ECLI:NL:GHAMS:2024:700

Gerechtshof Amsterdam

Datum uitspraak
19 maart 2024
Publicatiedatum
19 maart 2024
Zaaknummer
200.306.033/01
Instantie
Gerechtshof Amsterdam
Type
Uitspraak
Rechtsgebied
Civiel recht; Personen- en familierecht
Procedures
  • Hoger beroep
Vindplaatsen
  • Rechtspraak.nl
AI samenvatting door LexboostAutomatisch gegenereerd

Hoger beroep niet-ontvankelijkheid tegen tussenvonnis inzake legaat en effecten

In deze zaak gaat het om een hoger beroep dat is ingesteld door [eiser 1] en [eiser 2] tegen een tussenvonnis van de rechtbank Noord-Holland, gewezen op 5 januari 2022. De rechtbank had in dat vonnis een aantal vorderingen van [verweerder 1] c.s. en [verweerder 5] toegewezen, die betrekking hadden op de nalatenschap van de erflater, die op 5 augustus 2019 is overleden. De vorderingen waren onder andere gebaseerd op artikel 843a van het Wetboek van Rechtsvordering (Rv.), dat de eisers verplichtte om bepaalde informatie te verstrekken over de nalatenschap. Het hof heeft geoordeeld dat het vonnis van 5 januari 2022 een tussenvonnis is en dat [eiser 1] en [eiser 2] niet-ontvankelijk zijn in hun hoger beroep.
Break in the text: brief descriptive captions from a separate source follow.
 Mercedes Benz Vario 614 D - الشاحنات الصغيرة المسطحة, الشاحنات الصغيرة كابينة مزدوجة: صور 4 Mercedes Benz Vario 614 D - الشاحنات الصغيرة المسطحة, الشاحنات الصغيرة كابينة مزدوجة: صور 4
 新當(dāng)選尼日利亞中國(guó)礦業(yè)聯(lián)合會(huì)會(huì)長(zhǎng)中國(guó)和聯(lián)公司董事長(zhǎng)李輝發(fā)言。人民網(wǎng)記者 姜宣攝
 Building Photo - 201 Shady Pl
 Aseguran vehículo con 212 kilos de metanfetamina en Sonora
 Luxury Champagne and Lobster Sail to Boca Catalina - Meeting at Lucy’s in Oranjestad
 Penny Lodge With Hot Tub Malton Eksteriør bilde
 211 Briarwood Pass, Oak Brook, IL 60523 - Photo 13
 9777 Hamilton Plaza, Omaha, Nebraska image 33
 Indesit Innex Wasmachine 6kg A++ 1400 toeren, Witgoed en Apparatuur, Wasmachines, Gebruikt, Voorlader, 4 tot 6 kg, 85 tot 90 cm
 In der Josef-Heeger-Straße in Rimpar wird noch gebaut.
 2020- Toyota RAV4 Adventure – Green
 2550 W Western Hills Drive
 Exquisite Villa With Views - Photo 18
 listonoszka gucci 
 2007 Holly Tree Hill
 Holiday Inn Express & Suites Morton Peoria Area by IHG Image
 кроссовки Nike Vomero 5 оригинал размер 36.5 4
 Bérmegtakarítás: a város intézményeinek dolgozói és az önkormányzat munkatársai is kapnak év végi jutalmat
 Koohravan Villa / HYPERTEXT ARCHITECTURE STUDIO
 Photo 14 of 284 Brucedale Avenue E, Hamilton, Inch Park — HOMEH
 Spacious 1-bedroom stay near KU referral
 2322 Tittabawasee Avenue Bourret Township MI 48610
Het hof heeft daarbij verwezen naar de vaste rechtspraak van de Hoge Raad, die bepaalt dat hoger beroep tegen tussenvonnissen slechts tegelijk met het eindvonnis kan worden ingesteld, tenzij de rechter anders heeft bepaald. Het hof heeft de proceskosten in hoger beroep aan [verweerder 1] c.s. en [verweerder 5] toegewezen.

Uitspraak

GERECHTSHOF AMSTERDAM

afdeling civiel recht en belastingrecht,
team III (familie- en jeugdrecht)
zaaknummer : 200.306.033/01
zaaknummer rechtbank : C/15/313692 / HA ZA 21-112
arrest van de meervoudige familiekamer van 19 maart 2024
inzake

1.[eiser 1] ,

wonende te [plaats A] ,
advocaat: mr. A.C. de Bakker te Hendrik-Ido-Ambacht,

2.[eiser 2] ,

wonende te [plaats B] ,
advocaat: mr. A.C. de Bakker te Hendrik-Ido-Ambacht,
appellanten,
tegen

1.[verweerder 1] ,

wonende te [plaats C] ,
advocaat mr. E.T.W. Buers te Schagen

2.[verweerder 2] ,

wonende te [plaats D] ,
advocaat mr. E.T.W. Buers te Schagen

3.[verweerder 3] ,

wonende te [plaats E] ,
advocaat mr. E.T.W. Buers te Schagen

4.[verweerder 4] ,

wonende te [plaats F] ,
advocaat mr. E.T.W. Buers te Schagen

5.[verweerder 5] ,

wonende te [plaats B] ,
advocaat mr. S.A. Ray te Rotterdam,
geïntimeerden.
Appellanten zullen hierna [eiser 1] en [eiser 2] worden genoemd. Geïntimeerden sub 1 tot en met 4 zullen hierna [verweerder 1] , [verweerder 2] , [verweerder 3] respectievelijk [verweerder 4] en gezamenlijk [verweerder 1] c.s. worden genoemd. Geïntimeerde sub 5 zal [verweerder 5] worden genoemd.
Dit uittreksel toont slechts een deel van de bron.